• _YOUR ASSIGNMENT_
Repeat exactly the lines below that lie between the line with "Citizen Tsuyosa Vīriešu" and the line with "American Indian CHIEF", counting both of those lines as part of the answer.

• _INPUT_
=-=-=

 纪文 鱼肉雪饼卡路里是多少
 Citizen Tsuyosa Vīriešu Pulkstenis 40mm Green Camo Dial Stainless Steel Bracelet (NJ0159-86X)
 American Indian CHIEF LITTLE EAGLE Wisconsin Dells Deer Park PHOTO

=-=-=

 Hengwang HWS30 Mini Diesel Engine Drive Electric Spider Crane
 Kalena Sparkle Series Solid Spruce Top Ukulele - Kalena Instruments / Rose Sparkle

=-=-=

• _WORKED SOLUTION_
 Citizen Tsuyosa Vīriešu Pulkstenis 40mm Green Camo Dial Stainless Steel Bracelet (NJ0159-86X)
 American Indian CHIEF LITTLE EAGLE Wisconsin Dells Deer Park PHOTO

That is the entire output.